1. ## Solving quadratic equations by factoring

Using the "zero property" $ax^2+bx+c=0$

$4x^2=60-x$

move the $60-x$ over to the left...

$4x^2-60+x=0$

Factor out...

ok now here is where I have my problem. As seeing that the Eq has a negative and a positive the signs would be the same when factoring out no?!

$(4x-15)(x-4)$

$4x-15=0$ and $x-4=0$

$4x=+15$ and $x=4$

Thus...

$x=\frac{15}{4}$ and $x=4$

Yes?!

$4x^2-60+x = (4x- 15)(x+4)$

remember you can always check if your factorisation is correct by expanding your factors.

3. Originally Posted by bobak

$4x^2-60+x = (4x- 15)(x+4)$

remember you can always check if your factorisation is correct by expanding your factors.
.....ok how do I expand the factors, that's something I have not heard of!?

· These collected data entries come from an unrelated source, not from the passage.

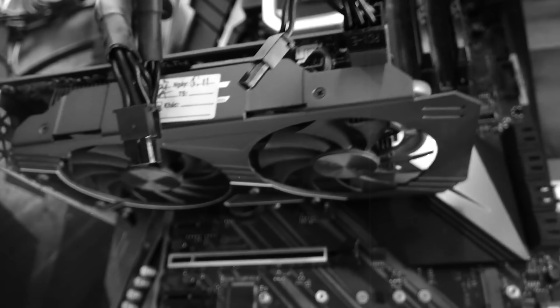Quite a few months ago, I made a video not recommending this graphics card right here. This is the P106, which was a mining variant of the GTX 1060 6GB.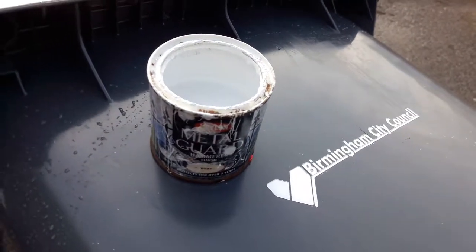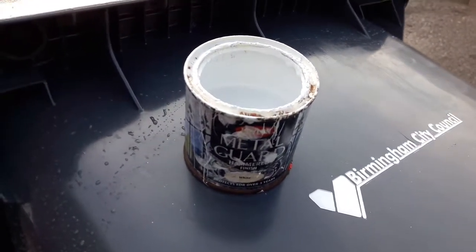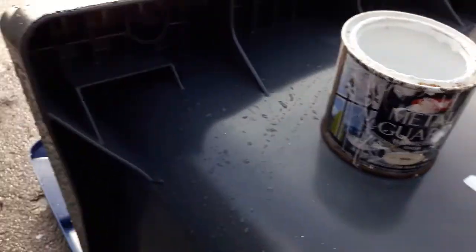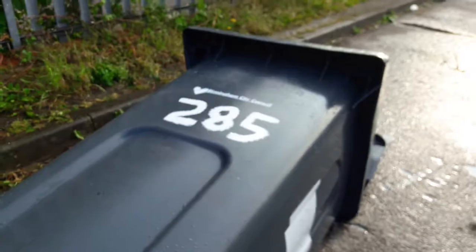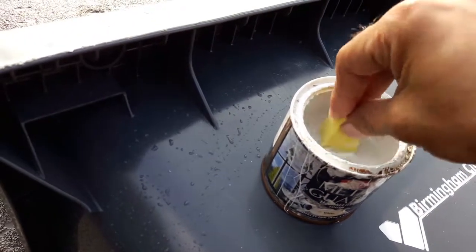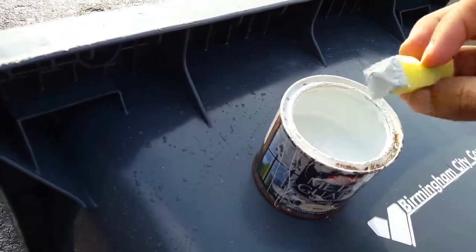Here's a quick easy way to put letters onto your wheelie bins. Those stickers always seem to peel off, so use metal paint. I've done one already there — use a sponge and just dab on your letters. Let me show you an example.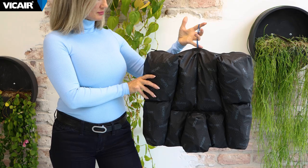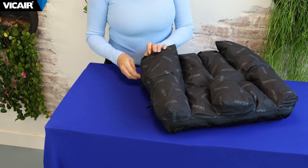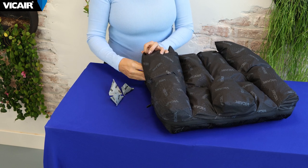Do not use any cushion if bottoming out occurs. With vCare cushions, bottoming out can be easily corrected by simply adjusting the filling grade of each compartment.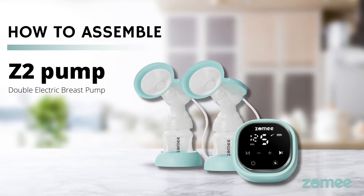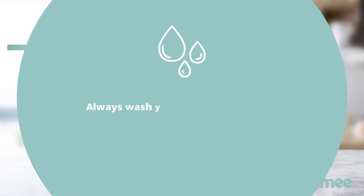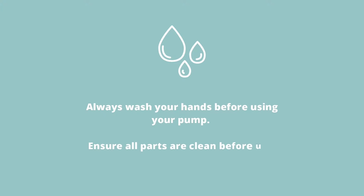How to assemble your Z2 Pump Double Electric Breast Pump. Always wash your hands before using your pump.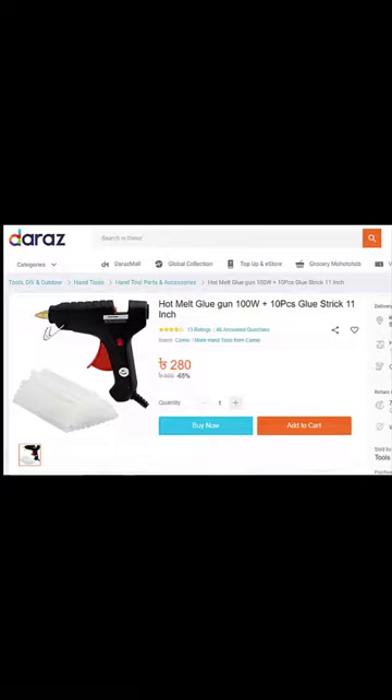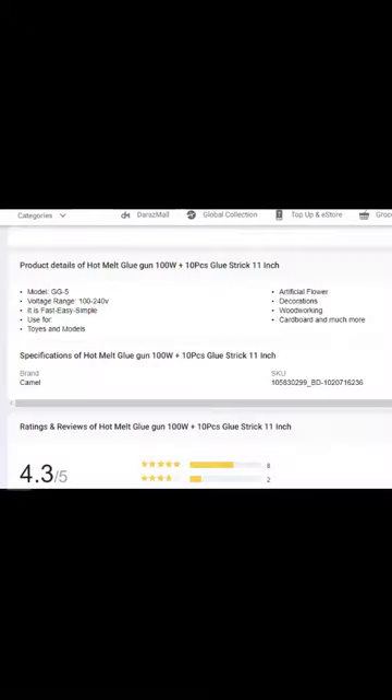Please see the description below for more details. The product review rating is 4.3.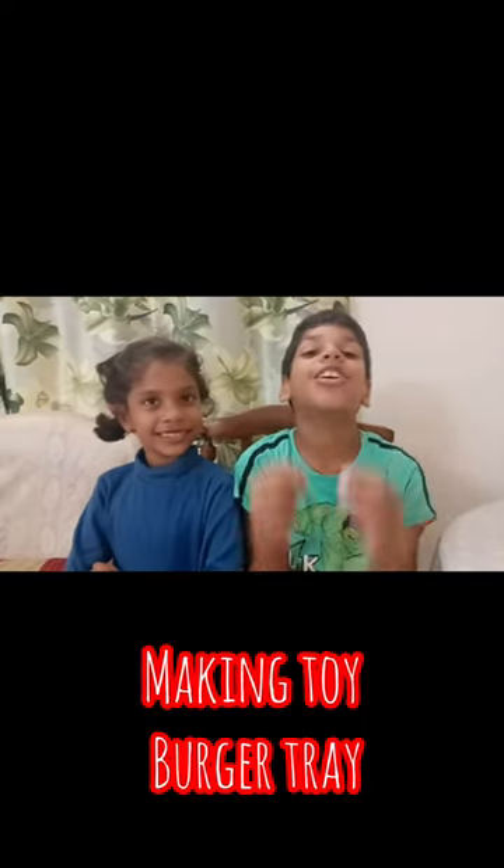We are going to make a complete toy burger tray which looks exactly like the real one. Yes, mommy! Oh, I am excited. Let's start.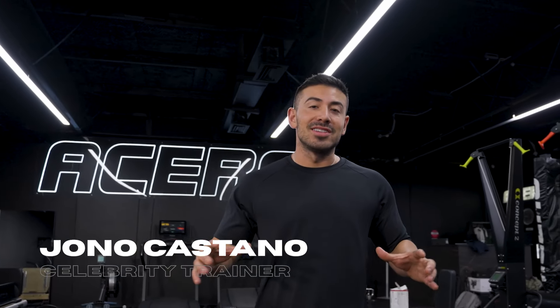I'm Jonny Costano and I'm going to show you five of my best ab exercises that can be done anywhere, anytime.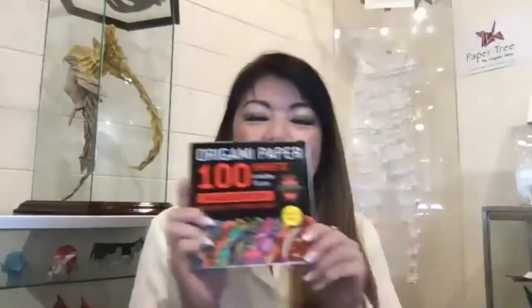There are three different versions. I'm featuring some really cool paper by Tuttle. We have this amazing selection of papers from Tuttle that are really fun. This one is actually the kaleidoscope.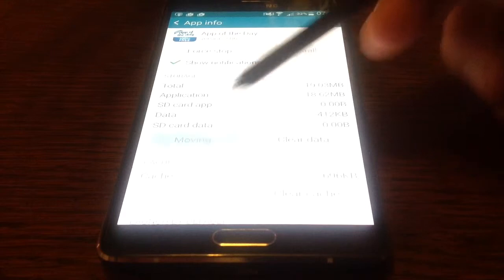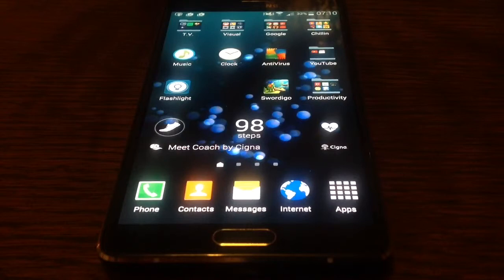You have to do this one at a time — move to SD card. Once you've moved all of the apps across to your SD card, you will note that your phone is running a lot faster. It's probably because it's releasing enough memory for it to use to process other things.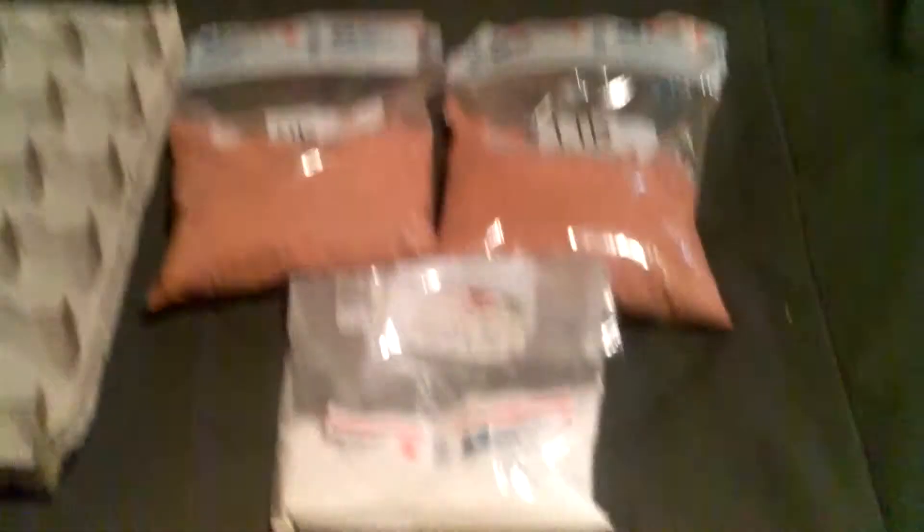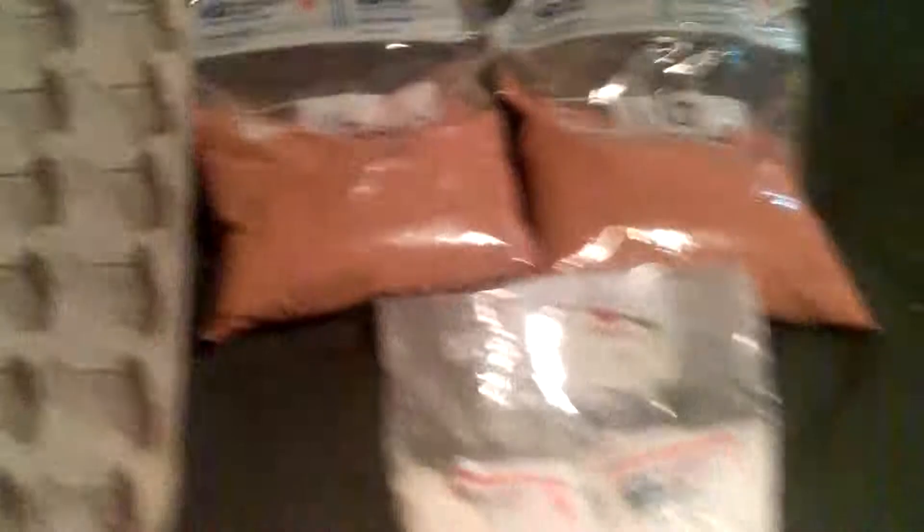I'm getting Dubia roaches — 40 females, 10 males, 750 smalls. Then I'm going to get another two pounds of roach chow and I think another ounce or two of water crystals. And that's going to be $50.00. If you know anything about Dubias, you know that they are expensive — like ridiculously, a female freshly molted is like $2.00. But this guy is doing a New Year's sale and Christmas sale, so everything's like half off. So I'm getting about 800 roaches for $50.00 plus two pounds of chow and another ounce or two of water crystals — that's a really good deal.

4. you just multiply out the factors.

so $(4x- 15)(x+4) = 4x \cdot x + 4x \cdot 4 -15 \cdot x - 15 \cdot 4$

5. Originally Posted by bobak
you just multiply out the factors.

so $(4x- 15)(x+4) = 4x \cdot x + 4x \cdot 4 -15 \cdot x - 15 \cdot 4$
ahhhhhh yes yes!! In the original problem I did not re-arrange the equation so that it would be in standard form!

$4x^2+x-60$

Now it makes sense!!

thanks Bobak